United Nations Secretary-General António Guterres named seven young climate leaders Thursday to be his Youth Advisory Group on Climate Change, underlining the role of youth advocates in climate action.

They include advocates, tribal land defenders, educators, and activists and will serve through the end of next year. They’re the second-ever group of climate youth advisers, the first having been selected in 2020.

They were selected by Guterres from Poland, the Gambia, Saint Lucia, Philippines, Colombia/Paraguay, Ireland and the U.S. The team will advise the United Nations on climate action and policies.

At the announcement, Guterres urged young climate advocates around the world to continue raising their voices and said that the “unrelenting conviction” of young people is essential to keeping climate goals within reach, lowering fossil fuel emissions, and delivering climate justice.

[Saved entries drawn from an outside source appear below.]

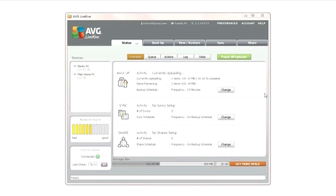LiveKive provides you with an instant overview of your backup, sync, and share activity. On the left part of the screen, you'll find a listing of all devices on your LiveKive network, as well as a summary of the total amount of unique data stored on each.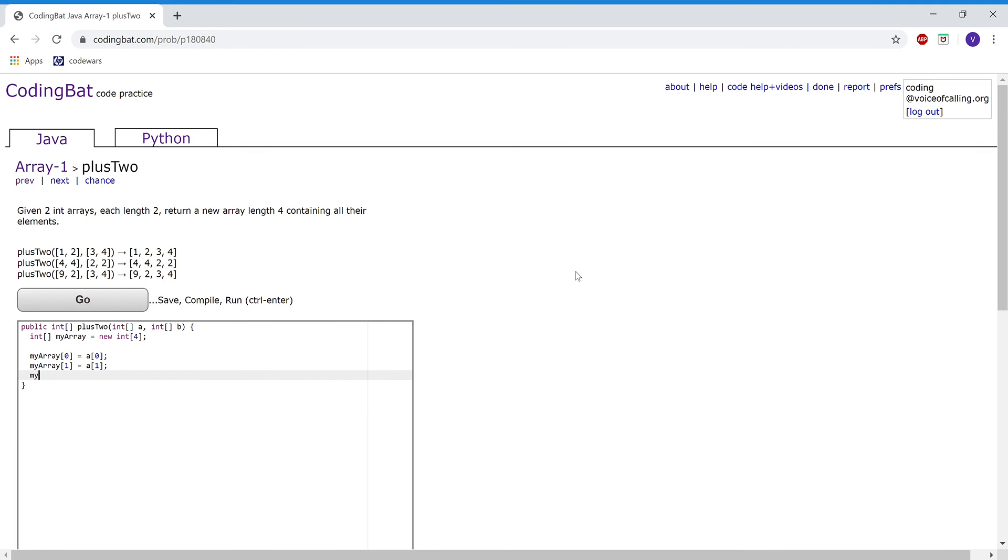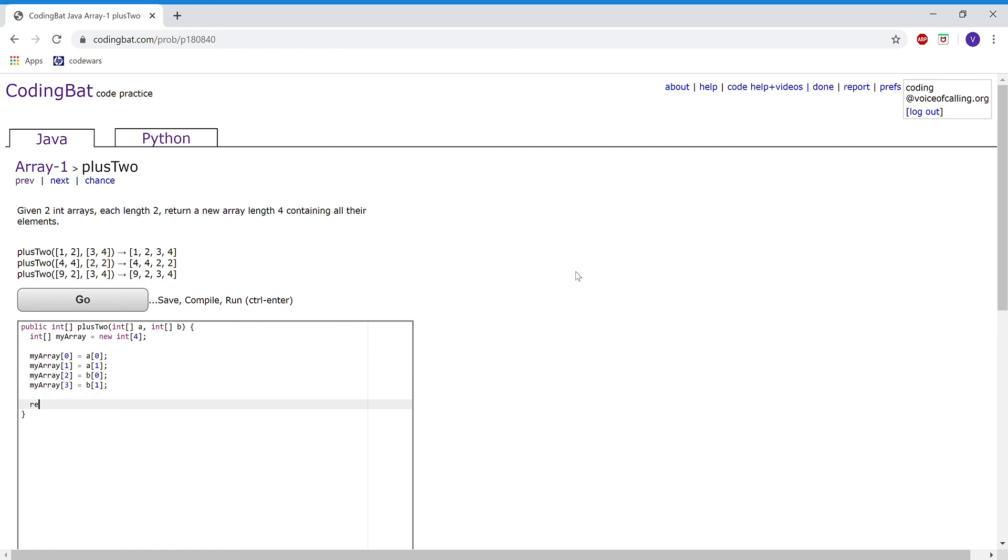And in myArray at 2, I'm going to make it hold b at 0. And myArray at position 3 will hold b at position 1. Then I'm going to return myArray.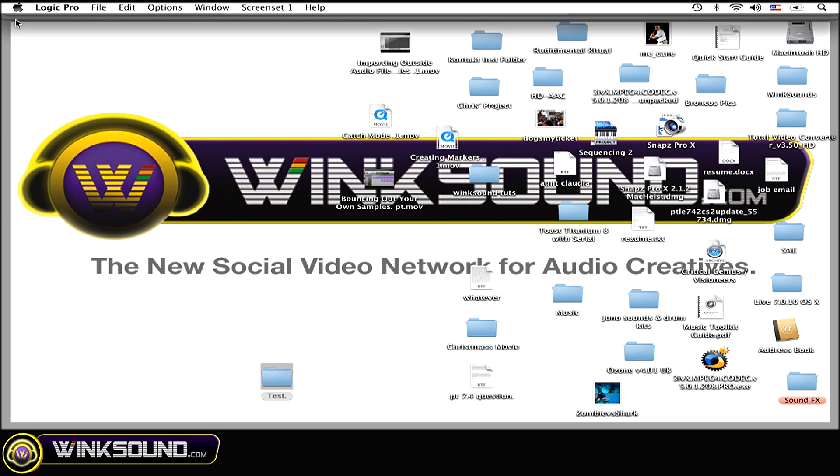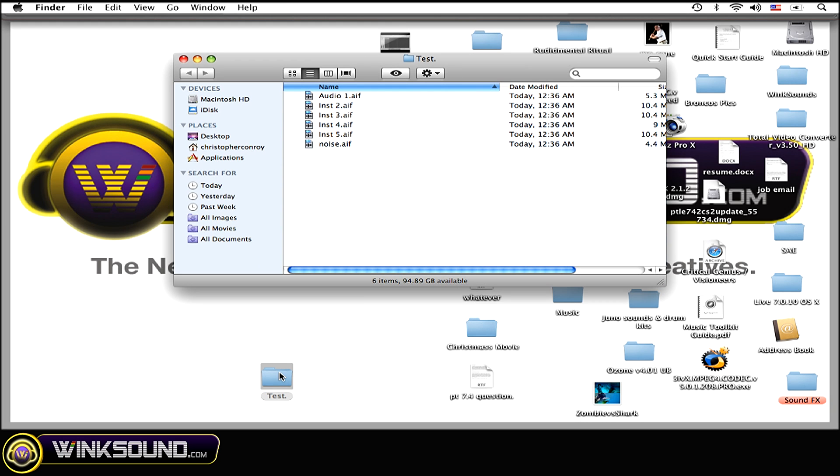All right, so now I'm going to go to my desktop. Here's the folder that I saved it all to, and there's all my files.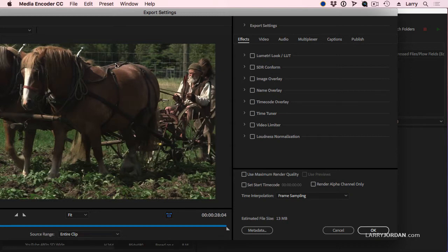Name overlay allows us to label a clip. Timecode allows us to burn in timecode. Time tuner allows us to change the duration of a program.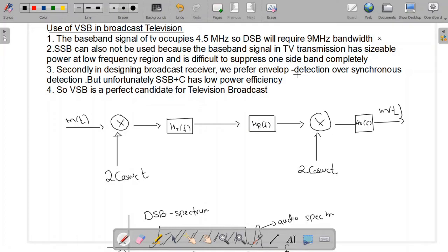We want one costly transmitter and multiple cost-effective receivers. In the case of single sideband, we prefer envelope detection over synchronous detection. Synchronous detection requires a costly receiver because the same carrier signal of the same frequency needs to be generated as on the transmitter side. However, single sideband with carrier has low power efficiency, so envelope detection cannot be used in that case either.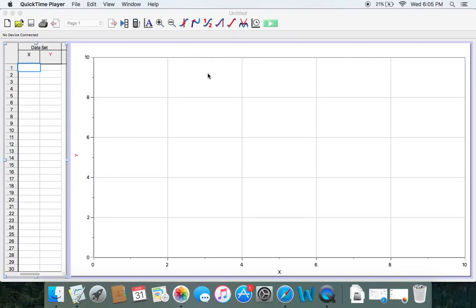Hey, it's Mr. Nguyen and I'm here to show you how to use Logger Pro to graph your bubble lab. I'm not going to show you how to do all three of the graphs — I'm going to show you the one where you're being asked to graph the diameter in centimeters against the diameter in inches for your bubble ring.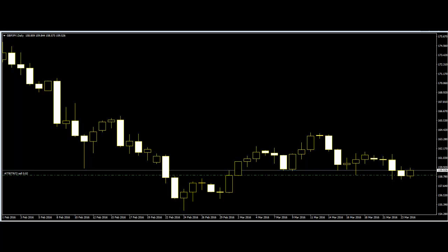Traders have to study all the Japanese candlestick trading patterns before trading this method. Any misinterpretation can lead to loss in the market.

Fatou Jeng, a climate educator and frontline activist from Gambia, now a U.N. advisor, said she’s devastated that her generation will have to bear the burden of the “climate destruction done by the older generation.”

“Youth constitute the majority of the population of the African continent and play a crucial role in addressing the impacts of climate change,” said Jeng. “Young people should be at the center for justice and action.”

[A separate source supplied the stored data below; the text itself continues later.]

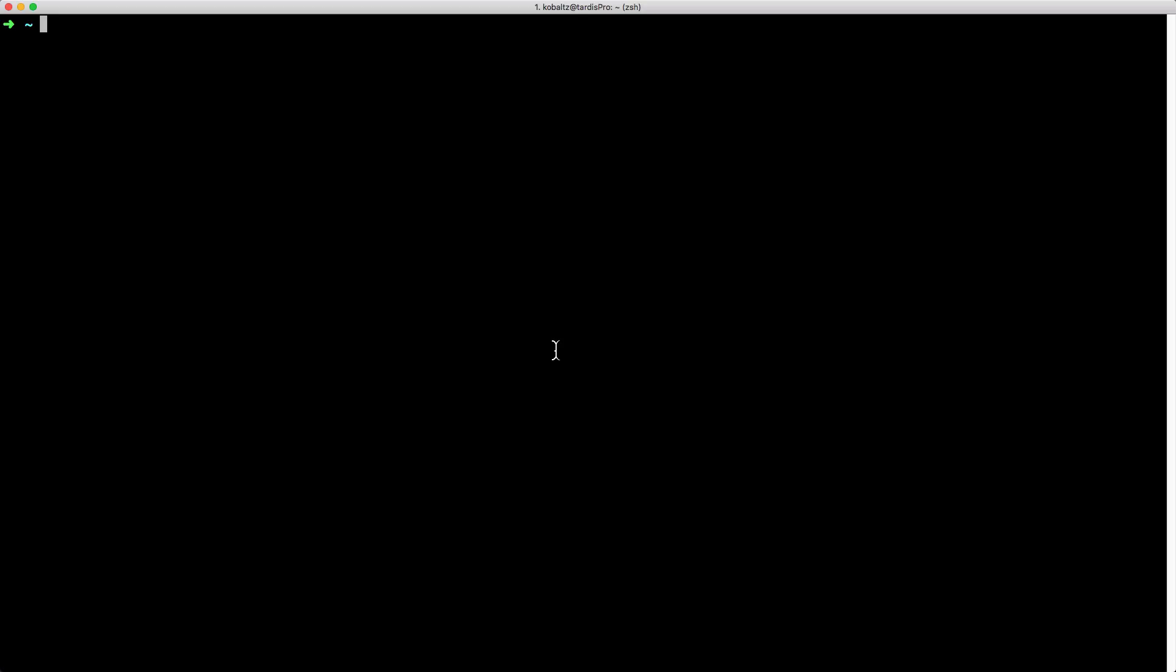And so to get started, we'll create a new Rails application. I am going to be using Rails 5.2.0, and we are going to be installing the MDE with Webpack. So I'll set my application name to SimpleMDE with ActiveStorage, and then I'll add the dash dash and then Webpack.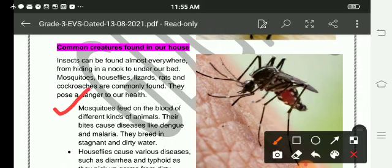Mosquitoes feed on the blood of different kinds of animals. Their bites cause diseases like dengue and malaria. They breed in stagnant and dirty water.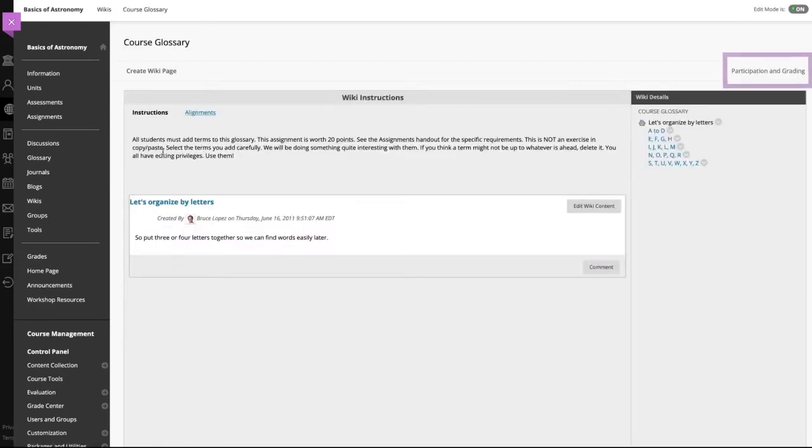For wikis with no grading, select participation and grading to view who contributed and information about the contributions.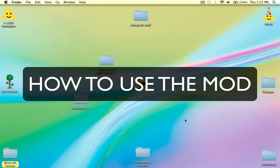I'll be showing you guys how to use this mod, and there'll be a bit of animation in it.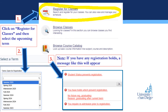After you have clicked on Register for Classes, you will select the upcoming term that you intend to register for. If you still have existing account holds, you will receive an error message like the example in number 3 on the screen, which will indicate what holds you still have.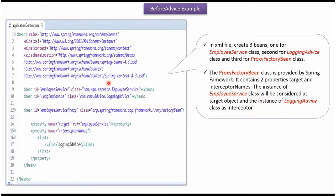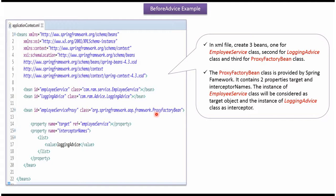This is a Spring configuration file. Here I have created three beans. The first one is for EmployeeService class, the second one is for LoggingAdvice class, and the third one is for ProxyFactoryBean class.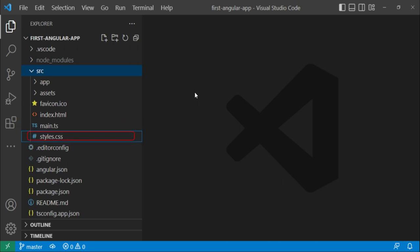Next we have this style.css. This is the CSS style file where you can define your global styles.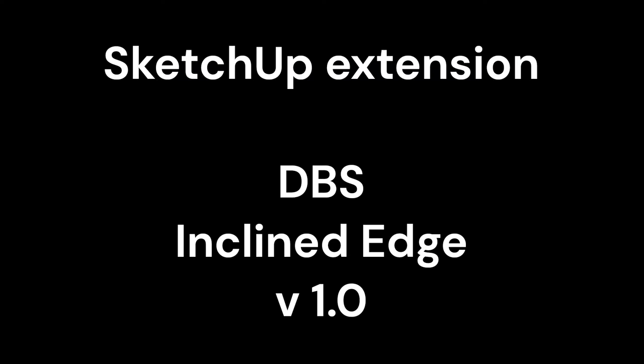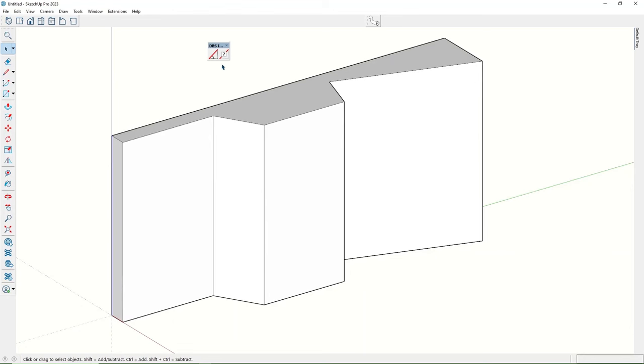I would like to introduce to you our new SketchUp extension. It allows drawing of inclined edges with fixed angle.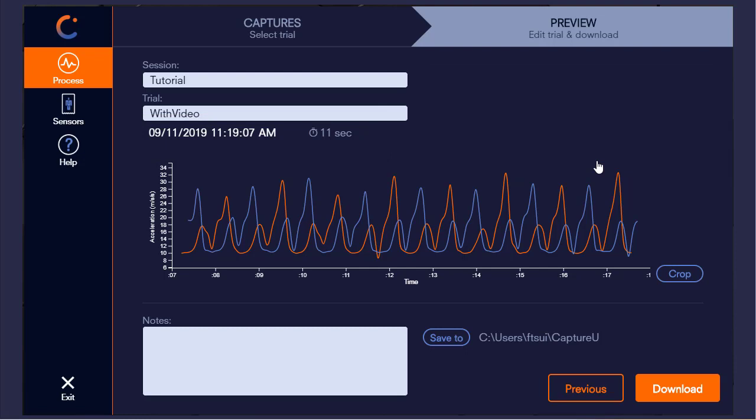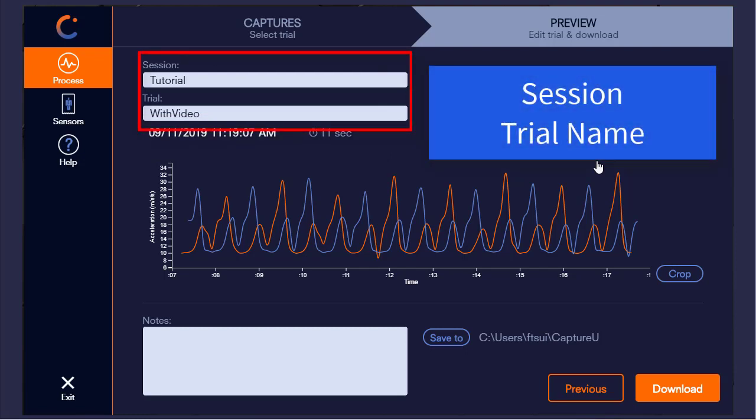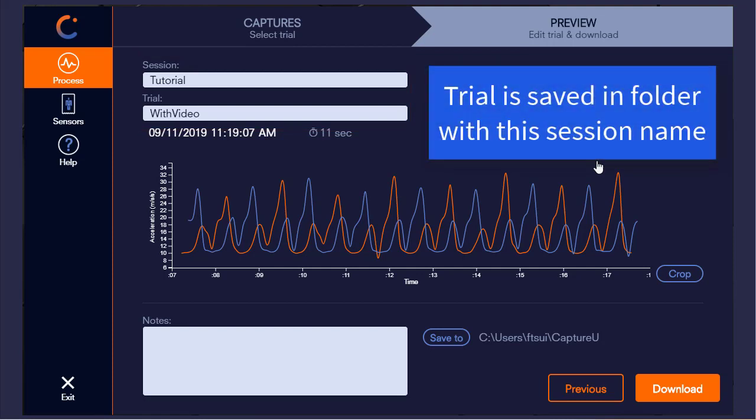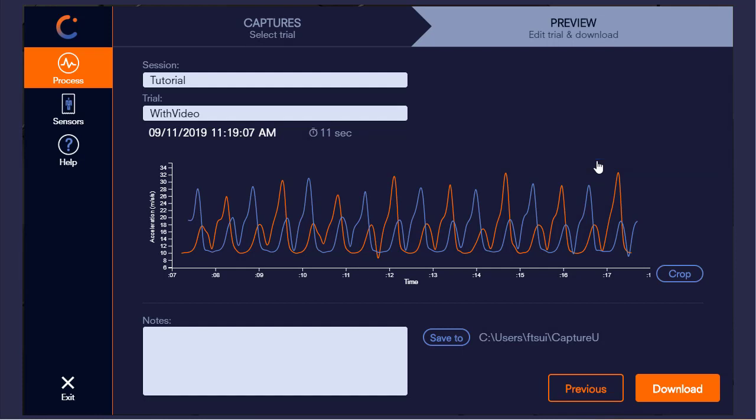Above this, we see the session and trial name which was specified within the app. When downloading, the trial is saved in the new folder with the session name, so you can edit these fields if you wish to have a different folder hierarchy or file name.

In accepting her new advisory role, Ayisha Siddiqa, a Pakistan-American human rights and tribal land defender, said all communities can protect their environment.

“It’s too big of a responsibility to try to save everything all at once,” Siddiqa said. “We need people working towards protecting their little corners of the world … My message is: You don’t have to do it all, but give your little corner of the world, your all.”

From the viral #StopWillow protests on TikTok, young people are credited as playing a significant role in challenging global leaders to take action against the fossil fuel industry.

At a Youth Climate Summit in September 2019, Guterres said that his generation had failed at preserving both justice and the environment and said that youth are essential to holding older generations accountable to “make sure that we don’t betray the future of humankind.”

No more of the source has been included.